I told my mom today that I think I have early-onset Alzheimer's. Not something to joke about, I realize, but damn it if I keep forgetting things that I'm supposed to remember. I forgot the word "outcome" yesterday. I forgot the word "deprived" and the word "impoverished" today. That adds to my list of about ten words I've had trouble remembering lately. It makes me feel a little stupid. And very old.

My wardrobe makes me feel a bit old at times too. I wear a lot of cardigans, because I love them. So does my 50+ year old French teacher. So does my 40+ year old psychology teacher. They are so comfortable though, I can't help it. Plus I feel like they make me look like a real psychologist when I wear them. Like I should have a clipboard and horn-rimmed glasses, and say things like, "I understand," "Continue, please," and "Studies show…"

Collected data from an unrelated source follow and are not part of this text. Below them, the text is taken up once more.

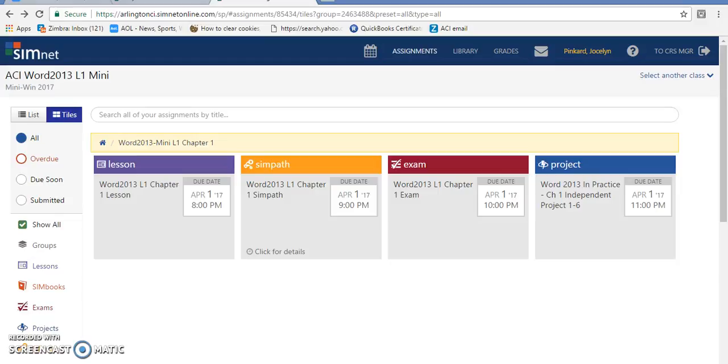This video is going to show you how to get your instructions for your SimNet projects, how to download your files, and also how to upload your file once you have completed the project and how to grade it.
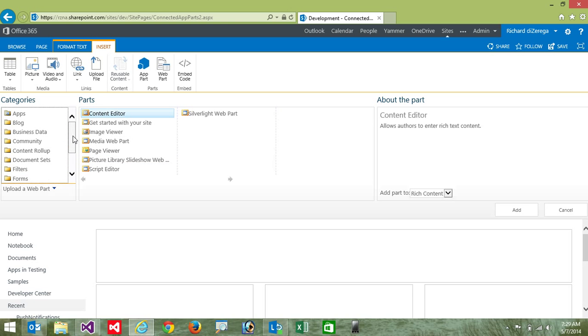So hopefully this illustrates that just because an app part uses an iframe doesn't mean that I have to have a compromised experience. We can even do really advanced things like doing connected app parts with this infrastructure.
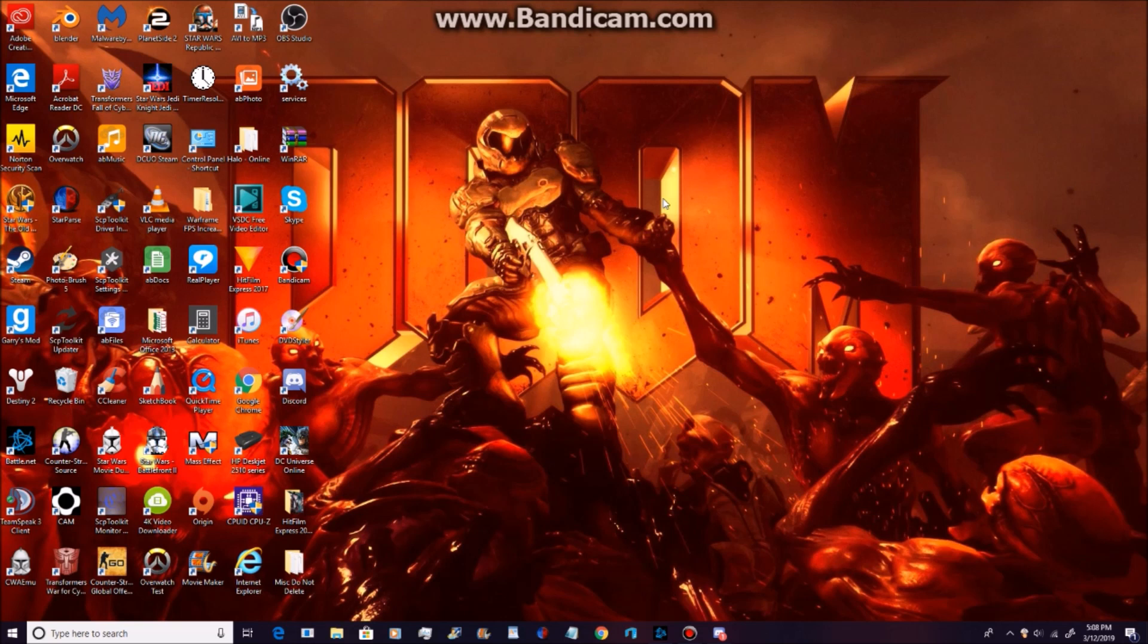So after the game is re-downloaded, you should no longer have problems with Star Wars. Hopefully. Anyways, that's how you remove BitRadar.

Also, I listen to a lot of Beatles music. I sometimes reference Laugh In and The Twilight Zone. I called someone "dear" the other day. I can't work a computer. There are probably other age stereotypes that I just can't think of, and I'm being harsh on myself and old people (my grandpa sends me very formally-worded emails all the time) but I do hate when I can't think of a word.

But I'm okay with getting old. In fact, I want to get old. I want to be wrinkled, I will never dye my hair if it turns gray. I want to be a nice old grandma who gives you hard candies at church and has a tinkling little laugh. A tough old broad, like my grandma, who could kick your ass and doesn't take shit from anybody. I'll take up smoking just to be a badass, at the age of 84. I'll beat my grandkids in card games and tell them stories about the good-old days. Most of the stories will be made up, but they will be epic. I'll tell embarrassing stories about their parents/my kids, just to piss them off. And I'll swear. A lot.

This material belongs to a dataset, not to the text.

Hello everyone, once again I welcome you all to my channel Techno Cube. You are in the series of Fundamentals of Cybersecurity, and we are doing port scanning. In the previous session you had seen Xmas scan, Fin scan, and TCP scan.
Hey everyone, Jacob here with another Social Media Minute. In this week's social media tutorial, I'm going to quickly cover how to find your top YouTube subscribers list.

When I'm old and wrinkly and gray-haired I won't regret that I've lived.

February 27, 2009

Why I Shouldn't Bring my Computer to Class

I think I need to talk myself out of taking notes on my laptop. I spend way too much time on the internet, looking at things that I don't need to look at (not porn). In fact, I am in class right now. I'm not listening at all and sometimes I block things out so thoroughly that I really have no idea what's going on for a solid thirty minutes. Here are the pros and cons of having my computer in class with me.

Pros:

1. Taking notes is so much faster. I get all the information I need as quickly as I need it. I don't have to waste precious, precious paper to write out a bunch of unnecessary notes that I will inevitably throw away the second after the final. This way, I can just put my notes in the trash, quick and easy (you can't recycle on a computer, they should call it the recycling bin to increase awareness of recycling and nitpicking.)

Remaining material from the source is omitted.